**Information shown**
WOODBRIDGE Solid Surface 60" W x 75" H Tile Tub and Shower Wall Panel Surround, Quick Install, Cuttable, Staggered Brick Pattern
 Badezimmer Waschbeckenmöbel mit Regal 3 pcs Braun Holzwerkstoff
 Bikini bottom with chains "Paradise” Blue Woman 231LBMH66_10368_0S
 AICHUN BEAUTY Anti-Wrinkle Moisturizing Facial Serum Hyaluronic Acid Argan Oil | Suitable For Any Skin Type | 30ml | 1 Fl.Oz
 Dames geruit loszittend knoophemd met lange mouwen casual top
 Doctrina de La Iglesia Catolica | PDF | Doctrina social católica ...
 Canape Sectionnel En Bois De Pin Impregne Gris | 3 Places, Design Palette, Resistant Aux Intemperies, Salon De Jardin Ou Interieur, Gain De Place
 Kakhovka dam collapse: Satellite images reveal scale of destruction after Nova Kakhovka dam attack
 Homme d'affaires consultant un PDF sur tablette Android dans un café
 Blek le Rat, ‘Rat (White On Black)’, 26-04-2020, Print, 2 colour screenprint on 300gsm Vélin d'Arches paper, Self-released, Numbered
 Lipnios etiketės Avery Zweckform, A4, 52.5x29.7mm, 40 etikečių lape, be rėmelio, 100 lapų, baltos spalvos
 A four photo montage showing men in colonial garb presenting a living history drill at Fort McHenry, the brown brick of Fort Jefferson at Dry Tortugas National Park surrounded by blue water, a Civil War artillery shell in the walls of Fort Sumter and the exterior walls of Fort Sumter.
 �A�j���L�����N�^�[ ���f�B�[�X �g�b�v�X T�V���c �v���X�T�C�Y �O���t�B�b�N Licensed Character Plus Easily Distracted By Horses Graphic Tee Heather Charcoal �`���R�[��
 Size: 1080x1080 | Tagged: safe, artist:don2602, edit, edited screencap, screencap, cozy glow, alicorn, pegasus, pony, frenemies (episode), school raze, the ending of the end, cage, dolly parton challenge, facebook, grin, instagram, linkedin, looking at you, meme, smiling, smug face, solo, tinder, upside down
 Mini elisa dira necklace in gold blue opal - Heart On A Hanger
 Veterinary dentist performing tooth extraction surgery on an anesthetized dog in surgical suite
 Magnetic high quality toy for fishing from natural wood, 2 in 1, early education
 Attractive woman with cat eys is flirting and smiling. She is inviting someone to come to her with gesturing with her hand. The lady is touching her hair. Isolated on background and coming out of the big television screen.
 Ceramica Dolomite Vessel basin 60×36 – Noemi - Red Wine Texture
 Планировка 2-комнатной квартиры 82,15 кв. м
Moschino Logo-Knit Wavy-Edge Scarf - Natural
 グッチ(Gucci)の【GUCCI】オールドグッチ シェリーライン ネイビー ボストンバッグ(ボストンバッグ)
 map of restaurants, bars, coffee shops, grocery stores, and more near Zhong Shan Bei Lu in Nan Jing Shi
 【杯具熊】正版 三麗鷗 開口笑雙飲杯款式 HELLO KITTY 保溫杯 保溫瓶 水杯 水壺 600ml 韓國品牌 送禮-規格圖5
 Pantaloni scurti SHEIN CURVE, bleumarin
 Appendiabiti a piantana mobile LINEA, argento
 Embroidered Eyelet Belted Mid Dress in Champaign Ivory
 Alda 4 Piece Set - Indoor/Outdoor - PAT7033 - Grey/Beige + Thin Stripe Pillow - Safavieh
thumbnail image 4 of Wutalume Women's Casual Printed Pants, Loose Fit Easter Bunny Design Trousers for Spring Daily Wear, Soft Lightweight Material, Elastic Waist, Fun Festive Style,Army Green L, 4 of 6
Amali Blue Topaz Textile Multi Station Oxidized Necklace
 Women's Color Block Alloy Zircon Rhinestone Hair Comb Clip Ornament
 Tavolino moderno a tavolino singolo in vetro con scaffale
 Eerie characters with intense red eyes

**Instructions to follow**
Where a line of the material above holds the string "Women", copy that line.

**Exercise solution**
thumbnail image 4 of Wutalume Women's Casual Printed Pants, Loose Fit Easter Bunny Design Trousers for Spring Daily Wear, Soft Lightweight Material, Elastic Waist, Fun Festive Style,Army Green L, 4 of 6
 Women's Color Block Alloy Zircon Rhinestone Hair Comb Clip Ornament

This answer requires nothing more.